Pour citer cet article :
J.-E. Maes-Audebert, « La réception juridique de la conception marxienne de la force de travail », Droit & Philosophie, no 10 : Marx et le droit, 2018 [http://www.droitphilosophie.com/article/lecture/la-reception-juridique-de-la-conception-marxienne-de-la-force-de-travail-246].

 

1. C’est au chapitre VII du livre premier du Capital que Karl Marx présente la notion de plus-value, élément cardinal de sa théorie économique. Initialement mise au jour par Proudhon[1], la plus-value constitue pour Marx l’un des piliers de l’économie capitaliste. Ce processus, par lequel la valeur d’une marchandise s’accroît par la consommation d’une autre marchandise, permet à « l’homme aux écus », en captant la « survaleur » créée, d’augmenter son capital. La production d’une telle plus-value ne peut toutefois s’opérer en toute circonstance. Selon Marx, elle est intrinsèquement liée à l’existence d’une marchandise unique en son genre sur le marché et dont la consommation ou l’usage a ceci de particulier qu’elle produit la valeur[2] : la force de travail (humaine).

Définie par l’économiste comme l’ensemble des facultés physiques et intellectuelles qui existent dans le corps d’un homme et dont la mise en mouvement permet la production des choses utiles[3], la force de travail conditionne la réalisation d’une plus-value.

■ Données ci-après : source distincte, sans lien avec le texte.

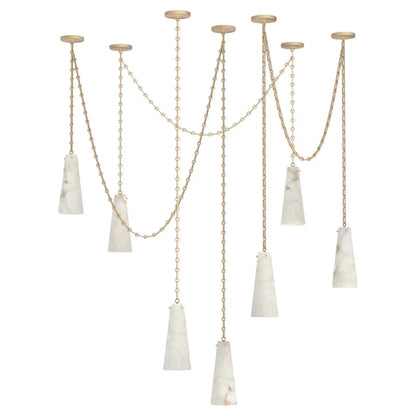 Contemporary Casey Chandelier in Alabaster, 7-Light Vintage Alabaster Pendant Cluster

Cette dernière est rendue possible par la différence entre la valeur d’achat de cette marchandise, équivalente au coût de la seule reproduction immédiate de la force de travail, et la valeur produite par la consommation de cette force, qui est supérieure à son coût d’acquisition (ou de production).

 

2. Cette conception de la force de travail pose doublement difficulté au juriste. D’une part, présenter la force de travail comme une marchandise disponible revient juridiquement à admettre qu’elle constituerait un élément se situant dans le commerce et pouvant, en conséquence, faire l’objet d’un contrat. La force de travail serait ainsi contractualisable. D’autre part, selon la terminologie marxienne, le processus contractuel permettant l’acquisition de la force de travail constituerait une vente. Juridiquement, cet acte particulier assurerait ici le transfert de la propriété de la force de travail en contrepartie d’un salaire.

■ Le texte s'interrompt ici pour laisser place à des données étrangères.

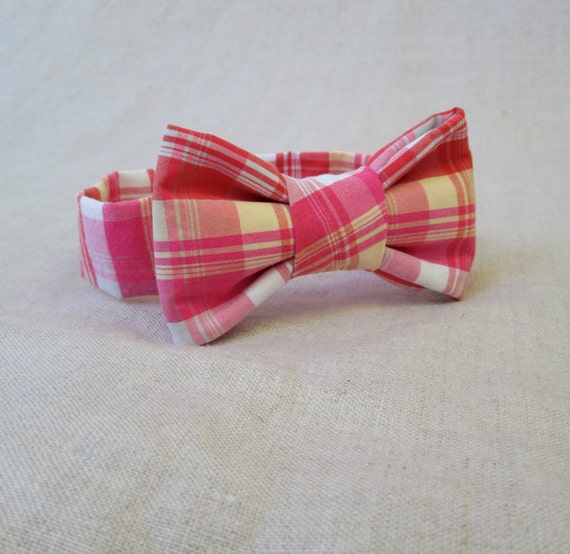 Items similar to Boys Bow Tie Bright Plaid Bow Tie Newborn Photo Prop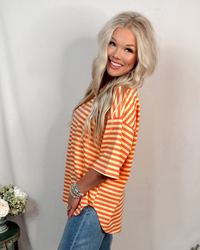 Golden Hour Oversized Striped Top - Coral/Yellow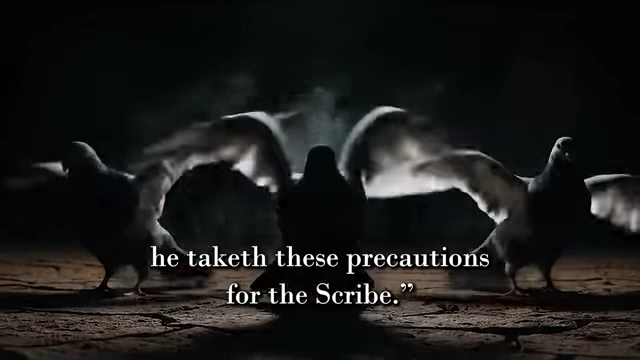 An illustration shows two cloaked figures with pigeons, accompanied by a quote about "precautions for the Scribe" from the Aether text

Face aux affirmations de Marx, de facture économique, le juriste se montre circonspect. Cette appréhension de la force de travail appartient à l’univers des représentations économiques, non à celui des représentations juridiques. Les termes employés, en dépit d’une correspondance possible entre les deux langages, ne sont porteurs ni du même sens, ni des mêmes incidences. Ce chevauchement terminologique[4] empêche la force de travail de se glisser dans le monde du droit sans se confronter aux logiques qui lui sont inhérentes. Loin de se montrer indifférente à l’approche de Marx, la pensée juridique a entretenu une relation ambivalente avec le discours marxien de la force de travail, teintée à la fois d’opposition frontale et d’attraction intellectuelle.

 

3. Ces ambivalences conceptuelles se sont cristallisées aussi bien autour de l’admission d’une contractualisation de la force de travail qu’autour de la qualification de l’opération contractuelle en cause. Or, si la doctrine juridique n’a finalement reçu ce premier aspect de la pensée marxienne qu’au prix de nombreuses controverses doctrinales (I), les obstacles juridiques tenant à la qualification de l’opération contractuelle n’ont, quant à eux, jamais pu être complètement dépassés. Pour autant, les causes de ce rejet du mécanisme de la vente viennent valider juridiquement les axiomes marxiens de la vente de la force de travail, le second aspect de la conception de Marx étant ainsi, en dernier lieu, partiellement reçu par la pensée juridique (II).

 

I. La réception progressive de la contractualisation de la force de travail

 

4. Durant la période antérieure au Capital, la doctrine juridique admettait que la force de travail puisse faire l’objet d’un contrat. À la suite de Pothier[5], Troplong estimait ainsi que « l’industrie de l’homme est un bien qu’il peut mettre à la disposition de quelqu’un pour en tirer un profit légitime » et percevait « le travail comme un capital susceptible de négoce et productif d’un revenu[6] ». Cette absence d’opposition de principe à la contractualisation du travail, en tant que processus productif, procédait directement des conceptions juridiques portées par le Code civil de 1804. Ce dernier, comme l’exposera Ripert, est « un Code de propriétaires et de rentiers ; il s’occupe de la possession des biens et non de l’exercice des activités[7] ».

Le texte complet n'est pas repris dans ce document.